START SUPPLIED RECORDS

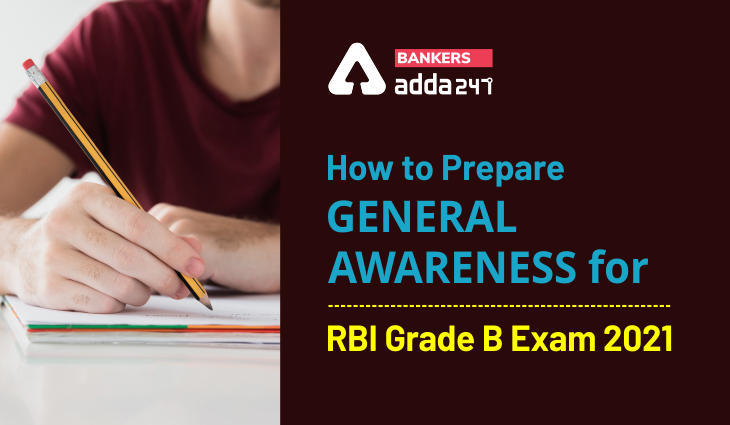 RBI Grade B Exam 2021 के लिए GA की तैयारी कैसे करें… | Latest Hindi Banking jobs_3.1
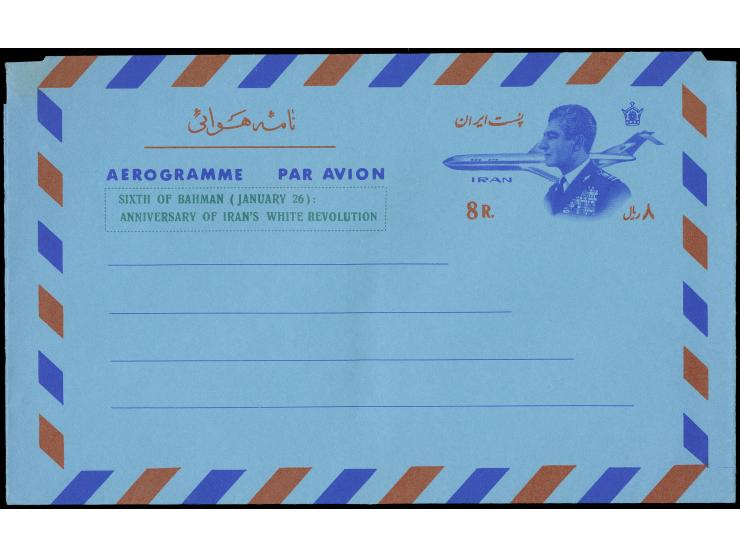 1971, Aerogramme 2 x 8 r. blue, with red / green overprints ‘ANNIVERSARY OF IRAN’ S WHITE REVOLUTION', unused, very fine (Per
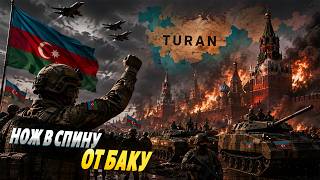 Великий Туран возвращается! Азербайджан НАНЕС УДАР по Кремлю: Баку поднимает войска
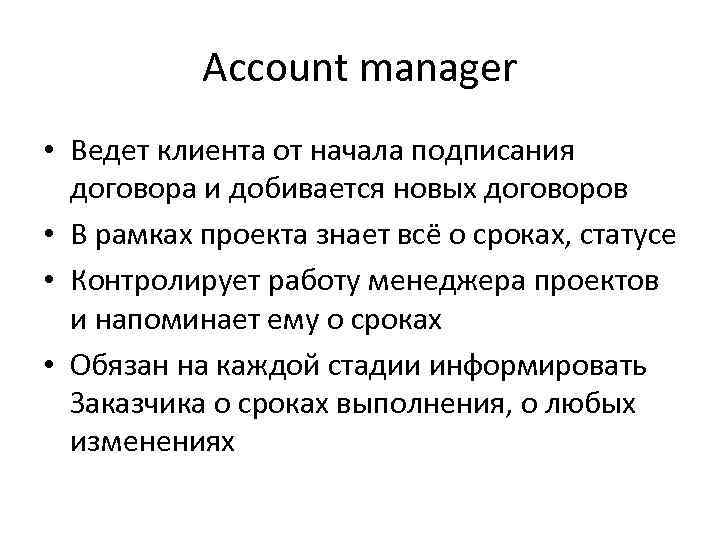 Account manager • Ведет клиента от начала подписания договора и добивается новых договоров •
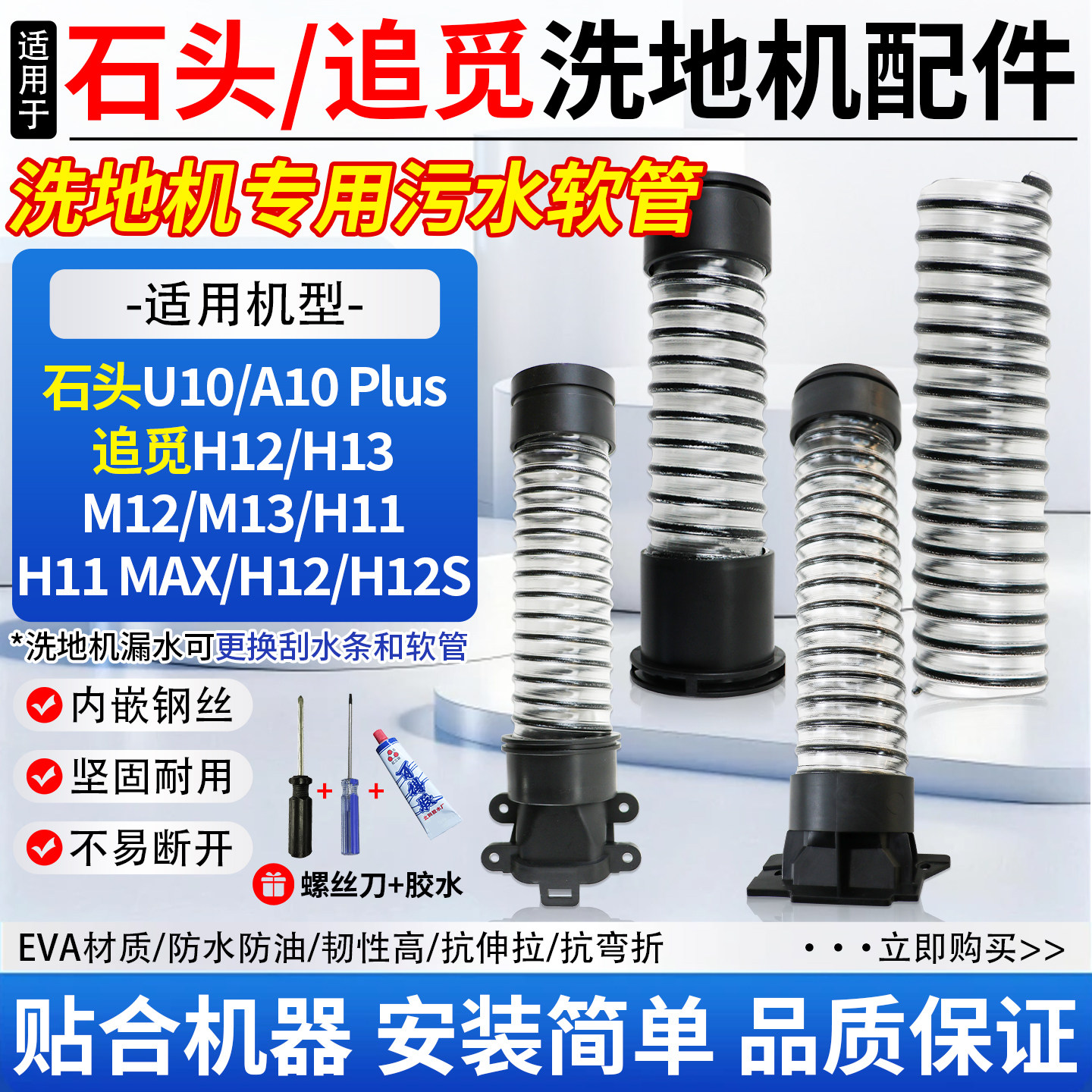 品质保证U10/H12S洗地机软管图片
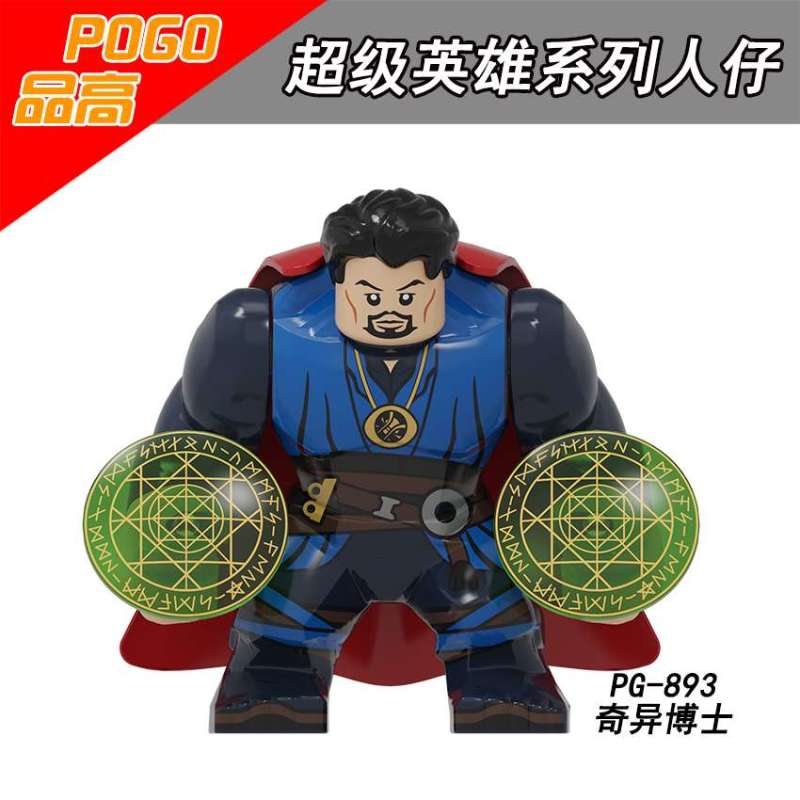 PG8264 Iron Man Hulk Star-Lord Deadpool Spider-Man Drax Black Panther Doctor Strange big Action Figures Building Blocks Kids Toys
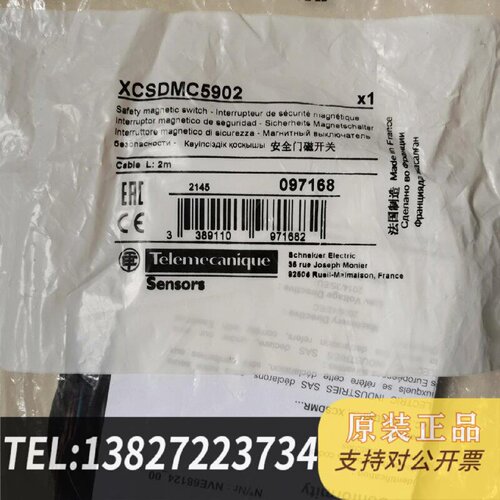 原装正品原装法国磁感应开关XCSDMC5902保原现货议价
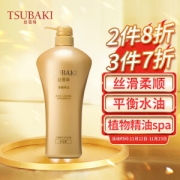 有券的上：TSUBAKI 丝蓓绮 奢耀焕活护发素 750ml（赠 OLAY-全球购权益兑换卡*3）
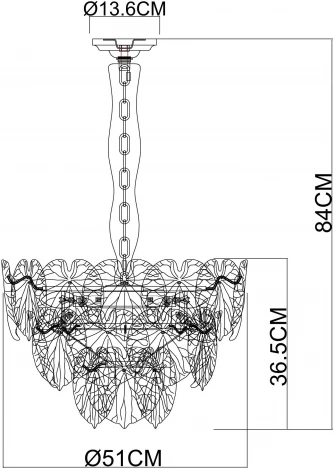 Подвесная люстра Arte Lamp Kapri A4078LM-6CC (220V, на цепи, листья)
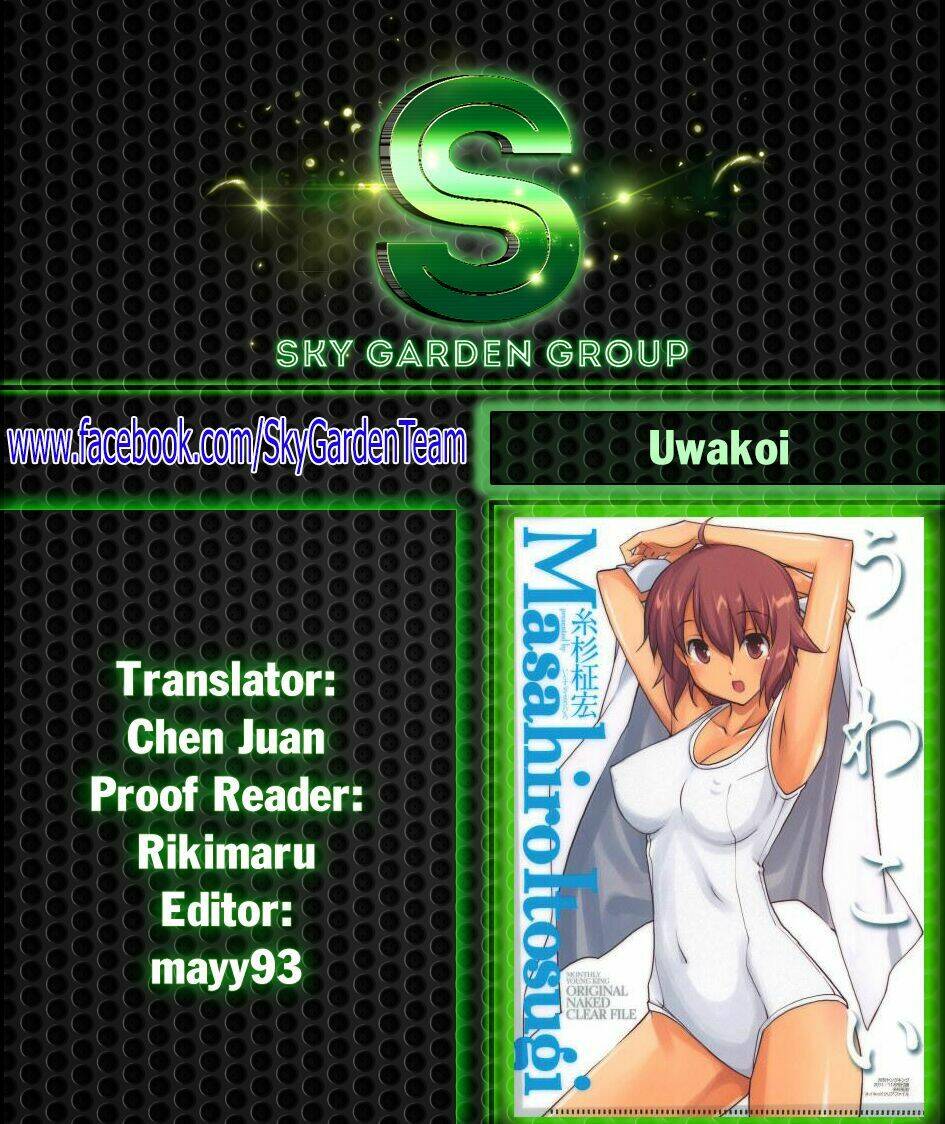 Uwakoi Chương 33 Ảnh 29
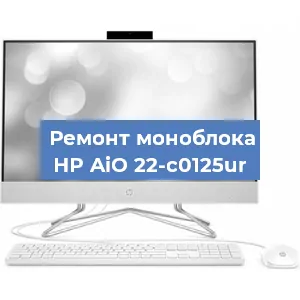Замена термопасты на моноблоке HP AiO 22-c0125ur в Санкт-Петербурге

END SUPPLIED RECORDS

- _TO DO_
Write out the lines beginning at the line with "PG8264 Iron Man" and ending at the last line of the entries. Include no pictures.

- _REPLY TO THE TASK_
 PG8264 Iron Man Hulk Star-Lord Deadpool Spider-Man Drax Black Panther Doctor Strange big Action Figures Building Blocks Kids Toys
 原装正品原装法国磁感应开关XCSDMC5902保原现货议价
 有券的上：TSUBAKI 丝蓓绮 奢耀焕活护发素 750ml（赠 OLAY-全球购权益兑换卡*3）
 Подвесная люстра Arte Lamp Kapri A4078LM-6CC (220V, на цепи, листья)
 Uwakoi Chương 33 Ảnh 29
Замена термопасты на моноблоке HP AiO 22-c0125ur в Санкт-Петербурге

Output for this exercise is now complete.